O que a raiva mostra? Que mesmo uma pessoa racional e ética pode, em certas situações limite, aceder a uma violência interna que não sabia ter. Que a justiça violada, especialmente quando sentimos que fomos alvo de uma afronta gratuita, desperta instintos primordiais de retaliação. Que a ideia de “fazer justiça com as próprias mãos” aparece não apenas em bárbaros, mas em qualquer pessoa sob emoção intensa. Freud explica o que é o transbordamento da pulsão agressiva (Thanatos). Quando a civilização (superego, normas sociais) se vê traída, como no caso de alguém violar o que é nosso e “inviolável”, o impulso de destruição emerge, antes que a razão consiga contê-lo. Não a moral de fachada, mas a moral lúcida, que sabe que a virtude, quando existe, é frágil, ocasional e preciosa.

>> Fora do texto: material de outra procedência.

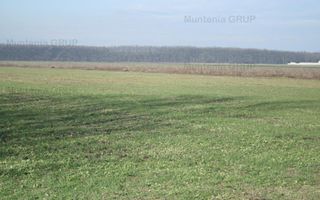 AFUMATI - Tarla 9, teren agricol in suprafata de 35.000 mp. - Poză 2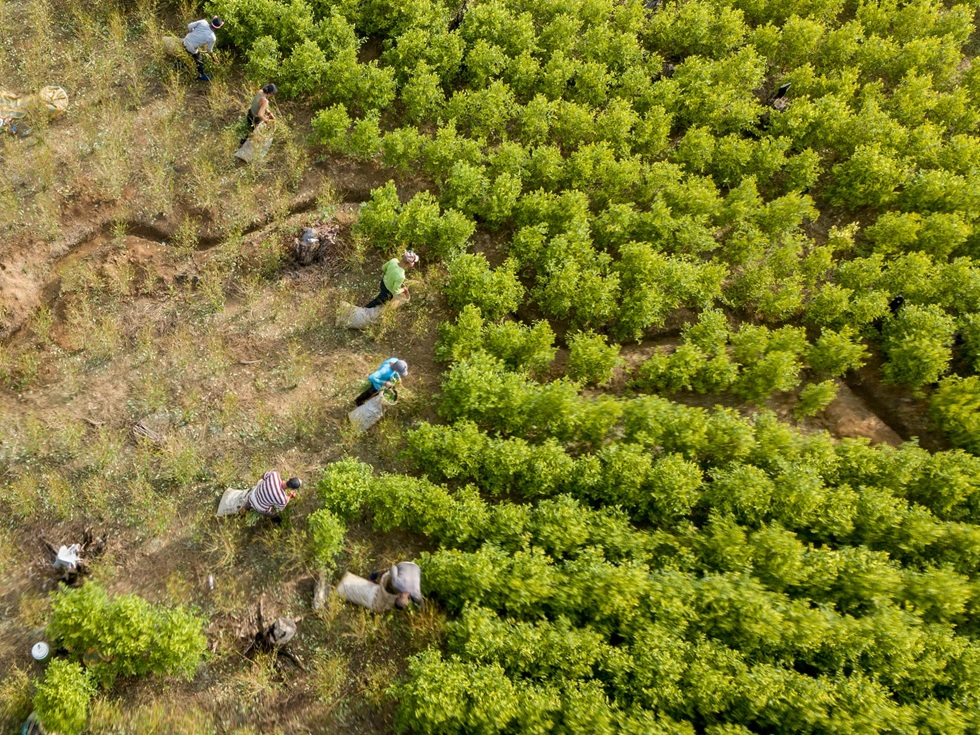 COCAÍNA: TRES MIL TONELADAS, ¡Y CRECIENDO!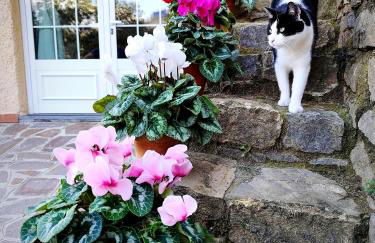 Almarea, a house between the sea and olive trees - Foto 48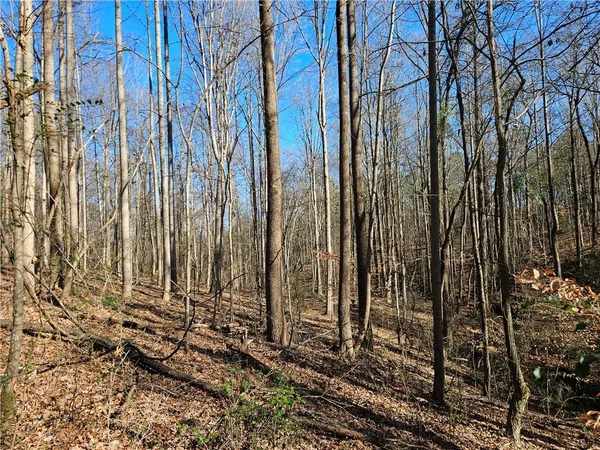 $500,000 | 3 West Oak Highway, Townville, SC 29689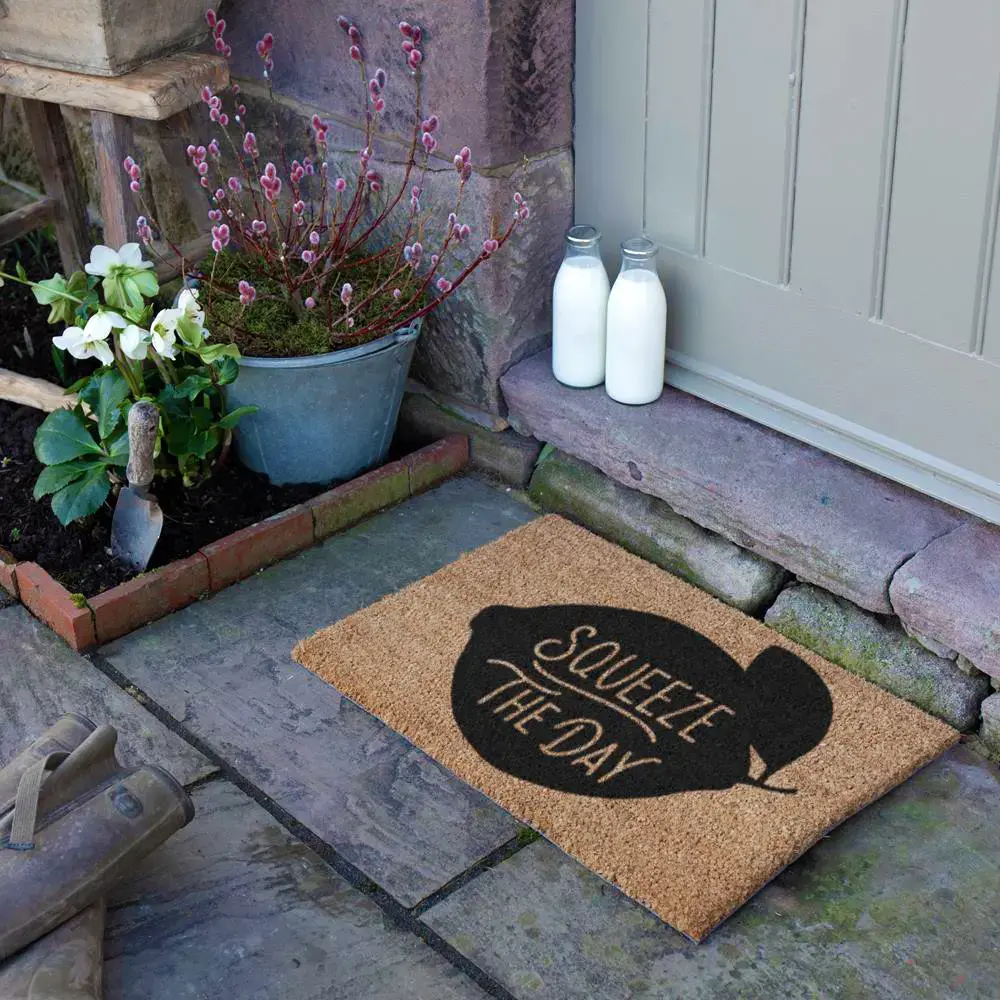Artsy Doormats Squeeze The Day Doormat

Um dia, ao entrar na garagem, encontrei o meu carro vandalizado. A porta do condutor estava escachada, e alguém, num ato de violência muda, tentara roubar o autorrádio. Não conseguiu. Mas o estrago estava feito — no carro, sim, mas sobretudo em mim. Naquele instante, fui invadido por uma raiva primitiva, súbita, descontrolada. Se o culpado estivesse ali, ao alcance da mão, não sei do que teria sido capaz. E não digo isto com orgulho, nem sequer com vergonha. Digo-o com lucidez. Naquele momento, eu seria capaz de matar.
Felizmente - ou por sorte, ou por acaso - o assaltante já estava longe. E eu, passado o turbilhão, recuperei a sobriedade do pensamento. Mas o que ficou não foi apenas a memória de um objeto danificado. Foi algo mais profundo: a revelação de mim mesmo. Porque, no fundo, essa reação violenta e imediata não me surpreendeu tanto quanto deveria. Ao contrário: confirmou uma suspeita antiga que cultivo como quem guarda uma verdade incómoda - a de que nem eu sou imune à barbárie. Que a minha “boa conduta” não é virtude sólida, mas algo que aconteceu até hoje por acaso, por falta de ocasião ou por medo das consequências. Não me iludo. Nem por mim ponho as mãos no fogo.
E é por isso que me considero um pessimista antropológico. Porque não acredito que o ser humano, por natureza, seja bom ou digno de confiança. O que nos impede de prevaricar, de mentir, de fugir aos impostos, de matar por raiva ou cobiça, não é a virtude - é o contexto. São os freios sociais, a vigilância, o medo da punição. Removidas essas barreiras, muitos - talvez a maioria - fariam o que condenam nos outros.
Incluo-me nisso. E essa é a única base possível, ao meu ver, para uma moral honesta: não confiar cegamente nem sequer na própria integridade. Não me orgulho disso. Mas é esta consciência trágica — esta vigilância humilde - que me impede de cair na arrogância moral de tantos que pregam virtudes, mas que, à primeira prova, se revelam tão egoístas quanto aqueles que condenam. A moral, se é que existe, nasce dessa tensão: entre o impulso e a contenção, entre o instinto e a consciência, entre o que eu sou e o que decido ser. E essa decisão, que hoje me impediu de agir com violência, pode amanhã falhar.